Published: June 4, 2025 | arXiv ID: 2506.04490v1

By: Rishwanth Raghu , Axel Levy , Gordon Wetzstein and more

BigTech Affiliations: Princeton University Stanford University

Potential Business Impact:

Helps scientists see how moving body parts work.

Business Areas:
Bioinformatics Biotechnology, Data and Analytics, Science and Engineering

Protein structure prediction models are now capable of generating accurate 3D structural hypotheses from sequence alone. However, they routinely fail to capture the conformational diversity of dynamic biomolecular complexes, often requiring heuristic MSA subsampling approaches for generating alternative states.
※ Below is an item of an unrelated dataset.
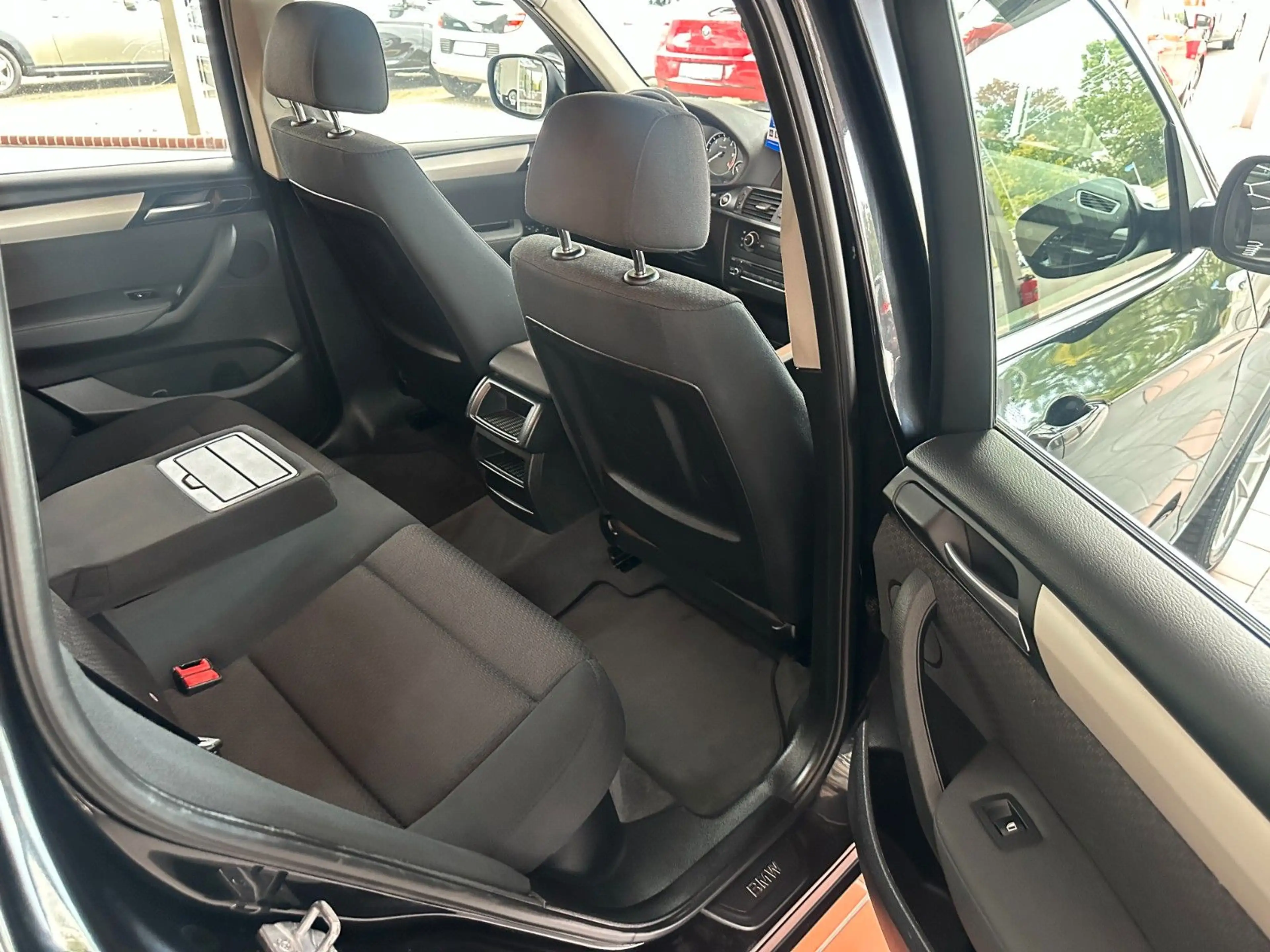 BMW X3 xDrive 20 d * HEAD UP / NAVI / GARANTIE * — photo 13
In parallel, cryo-electron microscopy (cryo-EM) has emerged as a powerful tool for imaging near-native structural heterogeneity, but is challenged by arduous pipelines to go from raw experimental data to atomic models. Here, we bridge the gap between these modalities, combining cryo-EM density maps with the rich sequence and biophysical priors learned by protein structure prediction models. Our method, CryoBoltz, guides the sampling trajectory of a pretrained protein structure prediction model using both global and local structural constraints derived from density maps, driving predictions towards conformational states consistent with the experimental data. We demonstrate that this flexible yet powerful inference-time approach allows us to build atomic models into heterogeneous cryo-EM maps across a variety of dynamic biomolecular systems including transporters and antibodies.

Country of Origin
🇺🇸 United States

Page Count
18 pages

Category
Computer Science:
Machine Learning (CS)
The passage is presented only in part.